I hate them. Apart from being the Mac equivalent of spectrometers (if you try to do anything remotely creative you'll have a bad day. Point and click works well, most of the time), they aren't able to output data in any reasonable format.

At least not the way I'd define 'reasonable' i.e. simple x-y ascii data file and/or JCAMP-DX and/or even .csv. The default output is a binary .a2r file.

The only ascii-type format is a proprietary GRAMS ASP ascii file, for which I haven't been able to get the formal specs. Using google it seems as if the German arm of agilent did publish it, but when clicking on the links I'm told the file no longer exists, and google cache isn't playing ball.

Anyway. Luckily the format seems pretty simple.

Here are the first ten lines of an .asp file;
1798 4000.41016197344 650.579285428114 1 128 4 98.4862110783457 98.4183476284596 98.4587565715995 98.5660576694946
* The first line is the number of acquired data points
* The second line is the highest reciprocal wavelength in cm-1.
* The third line is the lowest reciprocal wavelength in cm_1.
* I don't know what the fourth and fifth lines signify. It could be dynamic resolution in the Y axis.
* The sixth line is the native resolution, i.e. 4 cm-1/data point.
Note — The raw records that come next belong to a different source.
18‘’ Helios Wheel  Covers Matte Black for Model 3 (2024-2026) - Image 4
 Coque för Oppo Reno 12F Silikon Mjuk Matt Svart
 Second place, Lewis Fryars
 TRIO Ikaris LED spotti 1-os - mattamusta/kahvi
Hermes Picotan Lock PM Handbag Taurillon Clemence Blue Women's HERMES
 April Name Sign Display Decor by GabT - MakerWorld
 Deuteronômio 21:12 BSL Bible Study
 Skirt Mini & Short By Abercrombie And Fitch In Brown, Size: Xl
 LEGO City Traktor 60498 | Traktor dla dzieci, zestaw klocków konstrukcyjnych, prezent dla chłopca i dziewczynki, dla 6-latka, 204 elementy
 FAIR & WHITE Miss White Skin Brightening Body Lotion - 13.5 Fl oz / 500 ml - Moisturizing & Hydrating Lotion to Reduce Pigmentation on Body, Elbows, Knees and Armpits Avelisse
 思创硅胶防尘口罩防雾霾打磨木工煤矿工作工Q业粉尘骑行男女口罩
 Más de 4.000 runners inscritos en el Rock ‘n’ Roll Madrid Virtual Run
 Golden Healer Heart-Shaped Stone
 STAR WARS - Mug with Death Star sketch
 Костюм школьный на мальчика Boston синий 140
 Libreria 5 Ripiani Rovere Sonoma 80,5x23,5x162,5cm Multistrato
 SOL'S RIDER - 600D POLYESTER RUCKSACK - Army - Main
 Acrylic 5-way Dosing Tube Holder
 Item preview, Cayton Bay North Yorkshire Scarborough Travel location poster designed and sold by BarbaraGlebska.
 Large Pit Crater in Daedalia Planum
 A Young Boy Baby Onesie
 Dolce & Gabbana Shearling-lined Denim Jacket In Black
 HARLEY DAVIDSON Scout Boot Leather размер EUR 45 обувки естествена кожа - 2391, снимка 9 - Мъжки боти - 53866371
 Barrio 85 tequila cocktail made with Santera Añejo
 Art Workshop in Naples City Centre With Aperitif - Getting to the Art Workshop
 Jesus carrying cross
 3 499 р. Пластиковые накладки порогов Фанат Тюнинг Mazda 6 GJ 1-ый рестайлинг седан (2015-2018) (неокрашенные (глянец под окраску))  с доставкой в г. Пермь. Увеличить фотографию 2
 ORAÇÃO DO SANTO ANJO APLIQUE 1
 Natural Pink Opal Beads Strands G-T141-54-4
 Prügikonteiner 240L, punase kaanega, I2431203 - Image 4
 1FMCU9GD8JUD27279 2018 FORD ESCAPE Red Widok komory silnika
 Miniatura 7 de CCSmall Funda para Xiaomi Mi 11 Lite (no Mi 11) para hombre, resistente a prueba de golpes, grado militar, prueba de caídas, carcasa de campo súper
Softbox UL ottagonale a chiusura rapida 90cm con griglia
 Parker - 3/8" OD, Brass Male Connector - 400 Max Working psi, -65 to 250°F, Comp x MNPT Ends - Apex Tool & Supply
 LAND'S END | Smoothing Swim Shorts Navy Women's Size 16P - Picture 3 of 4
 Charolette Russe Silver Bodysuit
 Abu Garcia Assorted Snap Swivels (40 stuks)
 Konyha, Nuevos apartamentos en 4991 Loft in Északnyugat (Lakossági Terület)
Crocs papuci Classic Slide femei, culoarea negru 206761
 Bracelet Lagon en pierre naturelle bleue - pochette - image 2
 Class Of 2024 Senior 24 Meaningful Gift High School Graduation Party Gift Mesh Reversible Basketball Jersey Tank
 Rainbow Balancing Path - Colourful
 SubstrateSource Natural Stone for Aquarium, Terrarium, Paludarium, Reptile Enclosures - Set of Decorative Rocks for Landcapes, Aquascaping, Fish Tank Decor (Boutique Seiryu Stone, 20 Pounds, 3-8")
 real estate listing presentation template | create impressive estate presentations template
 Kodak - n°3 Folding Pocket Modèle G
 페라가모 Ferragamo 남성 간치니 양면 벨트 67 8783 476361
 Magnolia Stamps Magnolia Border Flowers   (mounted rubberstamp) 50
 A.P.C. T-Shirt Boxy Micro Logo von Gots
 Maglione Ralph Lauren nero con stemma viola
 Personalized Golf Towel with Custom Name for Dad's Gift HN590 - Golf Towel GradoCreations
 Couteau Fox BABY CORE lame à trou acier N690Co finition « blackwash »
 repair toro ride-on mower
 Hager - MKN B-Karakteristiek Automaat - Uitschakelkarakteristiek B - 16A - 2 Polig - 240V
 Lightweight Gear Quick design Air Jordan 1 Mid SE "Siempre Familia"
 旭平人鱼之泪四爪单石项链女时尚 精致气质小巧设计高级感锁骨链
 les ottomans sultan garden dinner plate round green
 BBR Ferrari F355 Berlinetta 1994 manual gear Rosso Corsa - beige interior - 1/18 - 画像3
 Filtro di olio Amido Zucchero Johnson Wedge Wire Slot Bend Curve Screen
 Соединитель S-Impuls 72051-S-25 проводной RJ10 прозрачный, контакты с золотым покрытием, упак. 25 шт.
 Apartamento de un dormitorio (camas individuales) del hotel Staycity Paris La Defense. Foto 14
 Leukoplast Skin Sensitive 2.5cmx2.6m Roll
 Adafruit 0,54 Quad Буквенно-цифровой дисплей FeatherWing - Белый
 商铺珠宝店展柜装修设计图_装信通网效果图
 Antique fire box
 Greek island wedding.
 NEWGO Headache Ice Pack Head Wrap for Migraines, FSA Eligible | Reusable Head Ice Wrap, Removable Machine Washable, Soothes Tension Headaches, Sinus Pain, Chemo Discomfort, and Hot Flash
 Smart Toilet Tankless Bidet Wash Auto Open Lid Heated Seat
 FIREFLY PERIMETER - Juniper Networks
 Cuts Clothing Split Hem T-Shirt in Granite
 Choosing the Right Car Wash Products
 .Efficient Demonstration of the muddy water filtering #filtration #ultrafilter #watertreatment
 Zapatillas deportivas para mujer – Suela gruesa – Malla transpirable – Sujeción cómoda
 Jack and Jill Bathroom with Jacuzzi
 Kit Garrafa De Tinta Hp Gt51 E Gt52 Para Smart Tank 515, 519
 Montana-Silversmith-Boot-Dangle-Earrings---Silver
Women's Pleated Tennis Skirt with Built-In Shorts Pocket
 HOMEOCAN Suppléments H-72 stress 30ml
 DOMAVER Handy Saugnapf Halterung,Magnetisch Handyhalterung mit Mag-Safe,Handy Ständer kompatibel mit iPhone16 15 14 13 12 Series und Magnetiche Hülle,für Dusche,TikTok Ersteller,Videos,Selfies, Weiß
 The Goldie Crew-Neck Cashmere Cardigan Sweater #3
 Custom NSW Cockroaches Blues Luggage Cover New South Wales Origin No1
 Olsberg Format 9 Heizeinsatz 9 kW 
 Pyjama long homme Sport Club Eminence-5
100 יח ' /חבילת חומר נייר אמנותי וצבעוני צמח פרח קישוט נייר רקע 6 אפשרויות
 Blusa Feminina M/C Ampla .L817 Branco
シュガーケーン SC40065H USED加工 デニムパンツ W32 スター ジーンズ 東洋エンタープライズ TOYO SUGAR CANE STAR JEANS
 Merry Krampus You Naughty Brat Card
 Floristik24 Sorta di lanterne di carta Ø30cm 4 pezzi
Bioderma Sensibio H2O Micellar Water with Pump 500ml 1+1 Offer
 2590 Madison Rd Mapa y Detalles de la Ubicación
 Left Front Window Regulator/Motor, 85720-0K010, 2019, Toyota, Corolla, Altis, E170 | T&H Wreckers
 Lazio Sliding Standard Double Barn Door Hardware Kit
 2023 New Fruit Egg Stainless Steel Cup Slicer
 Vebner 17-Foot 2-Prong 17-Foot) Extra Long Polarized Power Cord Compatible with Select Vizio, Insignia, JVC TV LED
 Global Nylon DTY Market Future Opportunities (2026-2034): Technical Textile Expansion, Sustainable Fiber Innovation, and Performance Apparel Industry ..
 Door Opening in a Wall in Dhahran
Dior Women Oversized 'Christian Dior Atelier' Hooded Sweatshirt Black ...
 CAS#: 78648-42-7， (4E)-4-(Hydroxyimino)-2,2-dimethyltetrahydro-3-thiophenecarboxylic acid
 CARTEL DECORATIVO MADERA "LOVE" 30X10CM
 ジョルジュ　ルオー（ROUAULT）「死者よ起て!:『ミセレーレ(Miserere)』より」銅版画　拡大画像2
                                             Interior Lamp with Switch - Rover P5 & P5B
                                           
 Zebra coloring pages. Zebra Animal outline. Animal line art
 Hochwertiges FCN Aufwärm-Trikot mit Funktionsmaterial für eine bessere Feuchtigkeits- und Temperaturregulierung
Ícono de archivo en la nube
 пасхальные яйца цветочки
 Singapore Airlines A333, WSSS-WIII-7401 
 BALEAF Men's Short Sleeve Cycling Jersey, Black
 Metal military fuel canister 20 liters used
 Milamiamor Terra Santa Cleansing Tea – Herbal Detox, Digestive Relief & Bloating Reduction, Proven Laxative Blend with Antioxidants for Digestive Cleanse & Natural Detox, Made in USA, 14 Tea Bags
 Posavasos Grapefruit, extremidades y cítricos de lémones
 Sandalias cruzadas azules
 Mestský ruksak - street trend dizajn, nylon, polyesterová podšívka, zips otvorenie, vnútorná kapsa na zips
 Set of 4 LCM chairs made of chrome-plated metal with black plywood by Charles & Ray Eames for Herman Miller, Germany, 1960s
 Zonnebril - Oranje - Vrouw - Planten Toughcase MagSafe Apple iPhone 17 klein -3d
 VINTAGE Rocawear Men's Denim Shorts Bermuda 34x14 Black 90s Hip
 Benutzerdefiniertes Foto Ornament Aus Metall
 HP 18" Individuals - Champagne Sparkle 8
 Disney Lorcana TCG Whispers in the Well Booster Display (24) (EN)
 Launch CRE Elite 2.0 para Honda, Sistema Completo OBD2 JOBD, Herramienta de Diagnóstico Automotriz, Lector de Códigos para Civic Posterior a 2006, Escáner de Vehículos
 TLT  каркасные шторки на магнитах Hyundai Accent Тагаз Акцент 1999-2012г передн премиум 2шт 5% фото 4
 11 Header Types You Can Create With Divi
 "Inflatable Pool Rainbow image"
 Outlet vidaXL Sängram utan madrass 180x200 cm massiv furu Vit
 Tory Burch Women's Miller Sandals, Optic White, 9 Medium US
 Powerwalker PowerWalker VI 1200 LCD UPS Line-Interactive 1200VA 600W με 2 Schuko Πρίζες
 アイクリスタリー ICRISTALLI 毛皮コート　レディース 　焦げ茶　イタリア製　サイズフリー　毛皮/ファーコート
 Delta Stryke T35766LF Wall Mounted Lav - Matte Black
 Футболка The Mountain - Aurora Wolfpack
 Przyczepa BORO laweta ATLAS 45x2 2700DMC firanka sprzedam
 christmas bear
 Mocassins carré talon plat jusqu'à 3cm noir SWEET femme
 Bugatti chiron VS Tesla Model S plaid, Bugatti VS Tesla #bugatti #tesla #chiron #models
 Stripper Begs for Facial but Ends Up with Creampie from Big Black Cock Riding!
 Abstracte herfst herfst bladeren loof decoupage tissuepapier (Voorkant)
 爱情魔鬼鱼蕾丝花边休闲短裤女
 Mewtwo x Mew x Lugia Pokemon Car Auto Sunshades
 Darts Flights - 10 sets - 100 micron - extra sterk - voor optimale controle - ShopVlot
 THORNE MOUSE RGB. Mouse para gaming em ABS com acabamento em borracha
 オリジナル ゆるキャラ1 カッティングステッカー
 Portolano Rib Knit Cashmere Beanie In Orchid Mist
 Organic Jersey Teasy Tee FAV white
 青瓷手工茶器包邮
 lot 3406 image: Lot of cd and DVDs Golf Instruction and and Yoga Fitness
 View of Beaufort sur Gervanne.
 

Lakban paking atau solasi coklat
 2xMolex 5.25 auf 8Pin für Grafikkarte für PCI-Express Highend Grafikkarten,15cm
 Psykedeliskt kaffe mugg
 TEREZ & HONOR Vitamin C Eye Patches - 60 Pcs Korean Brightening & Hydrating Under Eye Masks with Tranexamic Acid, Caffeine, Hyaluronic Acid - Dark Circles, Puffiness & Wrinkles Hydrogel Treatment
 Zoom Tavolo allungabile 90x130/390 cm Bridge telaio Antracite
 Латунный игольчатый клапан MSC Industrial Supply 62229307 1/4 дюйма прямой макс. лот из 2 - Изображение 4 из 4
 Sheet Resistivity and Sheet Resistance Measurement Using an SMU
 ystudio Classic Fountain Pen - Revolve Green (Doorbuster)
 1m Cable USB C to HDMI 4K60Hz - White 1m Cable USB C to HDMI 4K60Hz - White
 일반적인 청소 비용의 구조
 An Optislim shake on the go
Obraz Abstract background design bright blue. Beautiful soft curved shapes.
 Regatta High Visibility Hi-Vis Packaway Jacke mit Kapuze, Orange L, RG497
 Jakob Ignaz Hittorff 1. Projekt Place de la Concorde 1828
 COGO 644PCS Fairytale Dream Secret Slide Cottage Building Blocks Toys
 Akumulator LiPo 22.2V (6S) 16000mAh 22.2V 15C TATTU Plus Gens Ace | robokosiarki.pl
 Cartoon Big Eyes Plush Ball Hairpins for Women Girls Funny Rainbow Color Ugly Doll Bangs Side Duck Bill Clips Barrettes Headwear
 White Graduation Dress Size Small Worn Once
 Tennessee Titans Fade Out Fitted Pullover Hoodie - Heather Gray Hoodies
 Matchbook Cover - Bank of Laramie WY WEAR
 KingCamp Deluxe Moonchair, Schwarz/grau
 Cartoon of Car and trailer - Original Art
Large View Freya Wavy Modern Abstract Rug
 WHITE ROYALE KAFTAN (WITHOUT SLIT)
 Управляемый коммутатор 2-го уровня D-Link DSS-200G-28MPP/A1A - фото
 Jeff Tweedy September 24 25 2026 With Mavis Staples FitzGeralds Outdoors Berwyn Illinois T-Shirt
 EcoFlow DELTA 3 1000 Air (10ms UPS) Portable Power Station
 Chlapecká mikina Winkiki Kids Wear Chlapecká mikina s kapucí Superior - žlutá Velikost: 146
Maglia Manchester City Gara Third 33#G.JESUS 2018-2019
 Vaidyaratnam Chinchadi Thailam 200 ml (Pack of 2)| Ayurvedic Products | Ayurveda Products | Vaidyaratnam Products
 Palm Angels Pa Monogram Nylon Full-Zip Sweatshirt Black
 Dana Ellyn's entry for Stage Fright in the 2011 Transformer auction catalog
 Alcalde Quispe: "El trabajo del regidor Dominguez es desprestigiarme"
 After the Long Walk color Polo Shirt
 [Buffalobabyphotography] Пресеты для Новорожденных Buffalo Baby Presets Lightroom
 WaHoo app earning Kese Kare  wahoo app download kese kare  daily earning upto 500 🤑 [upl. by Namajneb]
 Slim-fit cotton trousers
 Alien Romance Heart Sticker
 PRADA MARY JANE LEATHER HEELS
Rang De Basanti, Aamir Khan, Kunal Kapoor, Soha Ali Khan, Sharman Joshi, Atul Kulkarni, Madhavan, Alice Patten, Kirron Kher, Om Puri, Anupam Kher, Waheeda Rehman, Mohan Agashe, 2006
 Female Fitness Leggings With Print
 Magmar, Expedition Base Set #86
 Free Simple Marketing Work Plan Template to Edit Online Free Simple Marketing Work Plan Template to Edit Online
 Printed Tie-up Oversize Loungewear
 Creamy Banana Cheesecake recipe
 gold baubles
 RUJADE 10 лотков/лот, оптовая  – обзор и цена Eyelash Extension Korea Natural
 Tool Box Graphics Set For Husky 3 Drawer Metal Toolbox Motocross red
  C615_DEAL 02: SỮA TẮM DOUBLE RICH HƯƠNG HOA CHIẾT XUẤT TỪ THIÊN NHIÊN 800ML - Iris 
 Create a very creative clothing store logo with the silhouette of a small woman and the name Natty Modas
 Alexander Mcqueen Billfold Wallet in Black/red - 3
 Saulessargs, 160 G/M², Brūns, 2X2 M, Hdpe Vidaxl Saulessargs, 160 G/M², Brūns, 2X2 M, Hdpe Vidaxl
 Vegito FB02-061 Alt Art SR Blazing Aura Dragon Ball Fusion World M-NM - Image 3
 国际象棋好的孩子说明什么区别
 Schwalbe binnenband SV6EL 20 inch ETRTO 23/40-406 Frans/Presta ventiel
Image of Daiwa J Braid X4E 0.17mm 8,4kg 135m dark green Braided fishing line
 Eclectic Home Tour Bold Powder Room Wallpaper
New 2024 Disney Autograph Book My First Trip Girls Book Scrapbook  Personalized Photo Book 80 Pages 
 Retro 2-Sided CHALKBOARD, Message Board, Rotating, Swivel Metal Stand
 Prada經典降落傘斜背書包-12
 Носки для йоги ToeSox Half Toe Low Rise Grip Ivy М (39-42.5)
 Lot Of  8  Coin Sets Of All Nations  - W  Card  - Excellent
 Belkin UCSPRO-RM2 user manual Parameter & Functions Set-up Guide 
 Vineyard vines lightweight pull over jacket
However, the data seems to be zero-filled, i.e. it seems the resolution is really ca 1.86 cm-1/pt.
Knowing the above, we can write a simple python script, which we'll call asp2asc, which will allow us to generate files suitable for gnuplot.
Example usage:
./asp2asc -i data.asp -o data.dat


asp2asc:
#!/usr/bin/python
#converts GRAMS ascii (asp) output from an CARY 630 FT-ATR-IR to a two-column ascii dat file
import sys

def getvars(arguments):
 exit=0
 ver=0.1
 try: 
  if "-o" in arguments:
   theoutput=arguments[arguments.index('-o')+1]
   print 'Output: %s.'%theoutput
  elif "--output" in arguments:
   theoutput=arguments[arguments.index('--output')+1]
   print 'Output: %s.'%theoutput
  else:
   print ''
   print 'Error -- no output file defined.'
   print ''
   arguments="--help"
 except:
  arguments="--help"

 try: 
  if "-i" in arguments:
   theinput=arguments[arguments.index('-i')+1]
   print 'Input: %s.'%theinput
  elif "--input" in arguments:
   theinput=arguments[arguments.index('--input')+1]
   print 'Input: %s.'%theinput
  else:
   print ''
   print 'Error -- no input file defined.'
   print ''
   arguments="--help"
 except:
  arguments="--help"

 try:
  if ("-h" in arguments) or ("--help" in arguments):
   print " "
   print "\t\tThis is asp2asc, a tool for generating converting"
   print "\t\tGRAMS ASP ascii files to two-column ascii files"
   print "\t\tThis is version",ver
   print "\tUsage:"
   print "\t-h\t--help   \tYou're looking at it."
   print "\t-i\t--input \tInput file, e.g. data.asp"
   print "\t-o\t--output \tOutput file, e.g. data.dat"
   print ""
   exit=1
 except:
  a=1   #do nothing
 
 if exit==1:
  sys.exit(0)
 print ''

 switches={'i':theinput,'o':theoutput}
 return switches

def getparams(datafile):
 params=[]
 n=1
 for line in datafile:
  try:
   params+=[int(line.rstrip('\n'))] 
  except:
   params+=[float(line.rstrip('\n'))] 
  if n==6:
   break
  n+=1 
 return params
 
def getydata(datafile):
 ydata=[]
 for line in datafile:
  ydata+=[float(line.rstrip('\n'))]
  
 return ydata
 
 
def makexdata(xpts,xmax,increment):
 n=0
 xdata=[]
 while n < xpts:
  xdata+=[xmax-n*increment]
  n+=1
 return xdata

def writexydata(outfile,xdata,ydata):
 for n in range(0,len(xdata)):
  outfile.write(str(xdata[n])+'\t'+str(ydata[n])+'\n')
 return 0

if __name__ == "__main__":
 arguments=sys.argv[1:len(sys.argv)]

 switches=getvars(arguments)
 infile=open(switches['i'],'r')
 
 params=getparams(infile) 
 ydata=getydata(infile) # needs getparams to have parked file reading at the 7th line 

 infile.close()

 xdata=makexdata(params[0],params[1],(params[1]-params[2])/(params[0]-1))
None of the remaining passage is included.